I was scanning through the photographs i took during the school trip to Tokyo, and here i sat for five whole minutes trying to focus my mind on the exact dates i've been there. It was end feb to early march, i reckon, but was it this year or last?? Neither seem possible, being too long ago and too recent respectively; i could check the dates i put on the album name (i always name albums with the dates and place) although having to do that feels silly and the point i'm making here is about how i always feel that Time moves 'simultaneously too fast or too slow', never 'just nice' or perhaps i am just never in pace, drowning in the great river of life.

Another point would be the fact that i seem to remember things event-based, snippets of time people smells taste etc nicely packaged and compartmentalized in my head. When i reminisce things, like my Tokyo trip, i tend to remember the people, the things that we did together, the feel of the place and mostly split these places according to whether i would visit them again or no. However, i feel nervous when i am unable to pull up the name of a place i like or am unable to describe the train route by which to get there. Then i realise that these factual details are as important to me as my feelings, as without them i am unable to recollect my memories in an organised chronological manner and everything remains a haze or a puddle at my feet. No closure, no finality, but a tangled bunch of beautiful memories that ideally should be weaved into the fabric of my being. Instead, they are 'compartmentalised', never truly absorbed into my essence; perhaps that is why i always feel 'different but the same', and it makes me wonder which is it - feelings/facts, heart/mind - that i cherish more.

The Mori Art Museum in Tokyo was showcasing Lee Bul's exhibit: From Me, Belongs to You Only
This is a significant memory for me and every time i reminisce Tokyo i will recall Lee Bul. Her art is beautiful and provocative, and i say 'beautiful' only because her sculptures are either intensively grotesque or comically glamorized, and i enjoyed her extreme wit sarcasm and humor. It is funny how she manages to make sculptures out of gems and bedazzling crystals look so fucking gross.

I wrote down these phrases from one of her sculptures, mon grand recit: weep into stones..., and since then they have been somewhat etched into the back of my skull :

WEEP INTO STONES
FABLES LIKE SNOW
OUR FEW EVIL DAYS

I found out that these are excerpted from Chapter V, Hydriotaphia by Sir Thomas Browne, longer excerpt below:
"Darknesse and light divide the course of time, and oblivion shares with memory, a great part even of our living beings; we slightly remember our felicities, and the smartest stroaks of affliction leave but short smart upon us.

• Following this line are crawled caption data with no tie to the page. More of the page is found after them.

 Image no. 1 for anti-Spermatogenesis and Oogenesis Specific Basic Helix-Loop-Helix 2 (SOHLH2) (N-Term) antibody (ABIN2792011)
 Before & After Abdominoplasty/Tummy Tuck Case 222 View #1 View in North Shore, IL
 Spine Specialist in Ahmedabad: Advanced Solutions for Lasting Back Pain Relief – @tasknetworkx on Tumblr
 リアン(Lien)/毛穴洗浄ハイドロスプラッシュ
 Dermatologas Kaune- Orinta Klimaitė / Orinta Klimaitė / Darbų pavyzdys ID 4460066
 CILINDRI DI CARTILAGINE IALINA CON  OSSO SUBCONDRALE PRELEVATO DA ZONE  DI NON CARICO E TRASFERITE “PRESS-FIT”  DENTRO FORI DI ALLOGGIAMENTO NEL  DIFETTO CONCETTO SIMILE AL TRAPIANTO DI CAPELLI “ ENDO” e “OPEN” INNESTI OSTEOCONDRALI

Sense endureth no extremities, and sorrows destroy us or themselves. To weep into stones are fables. Afflictions induce callosities, miseries are slippery, or fall like snow upon us, which notwithstanding is no unhappy stupidity. To be ignorant of evils to come, and forgetfull of evils past, is a mercifull provision in nature, whereby we digest the mixture of our few and evil dayes, and our delivered senses not relapsing into cutting remembrances, our sorrows are not kept raw by the edge of repetitions.."

I think Sir Thomas Browne was an optimist. I wish it was this way for everyone.